2002-10-03 20:38:12

by Andrew Morton

[permalink] [raw]
Subject: Re: [OT] 2.6 not 3.0 - (WAS Re: [PATCH-RFC] 4 of 4 - New problem logging macros, SCSI RAIDdevice)

Dave Jones wrote:
>
> On Thu, Oct 03, 2002 at 08:57:13AM -0700, Linus Torvalds wrote:
>
> > The memory management issues would qualify for 3.0, but my argument there
> > is really that I doubt everybody really is happy yet. Which was why I
> > asked for people to test it and complain about VM behaviour - and we've
> > had some ccomplaints ("too swap-happy") although they haven't sounded like
> > really horrible problems.
>
> We still need some work for low memory boxes (where low isn't
> necessarily all that low). On my 128MB laptop I can lock up the box
> for a minute or two at a time by doing two things at the same time,
> like a bk pull, and switching desktops.

Specific version info and all the usual how-to-reproduce info
would help here. Things have changed a _lot_ in the past
week or two.

Comparisons with 2.4 are useful. Simple "here's how to
reproduce" instructions are 100% golden ;)

> I dread to think how a 16 or 32MB box performs these days..

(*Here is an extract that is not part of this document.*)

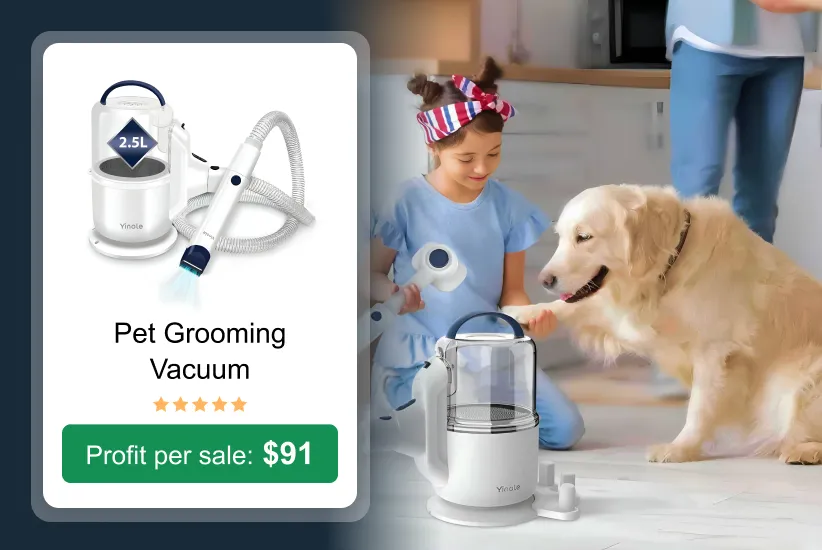 17. Pet Grooming Vacuum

Well last I looked, a 2.5 kernel with NR_CPUS=8 had 22MB
of unreclaimable memory by the time it reached the console
login prompt.

Yet John Bradford says that in swapless 8MB, 2.5.40 is "springier"
than 2.4.x, so weird.

Jens did some aggressive scaling work against the BIO pools
recently which saved a ton of memory, and 2.5.40 now consumes
slightly less than 2.4.x to get started.

But the major thing we can do for the tiny boxes is to scale back
much harder on the big caches, the mempools, etc. I hope to
be able to remove the radix-tree and pte_chain mempools altogether,
which will free up a quarter meg or so.


Apart from that, I'm reasonably happy with where the VM stands at
present. It's very simple, very fast to identify which pages to
replace, and pretty accurate and efficient at doing that.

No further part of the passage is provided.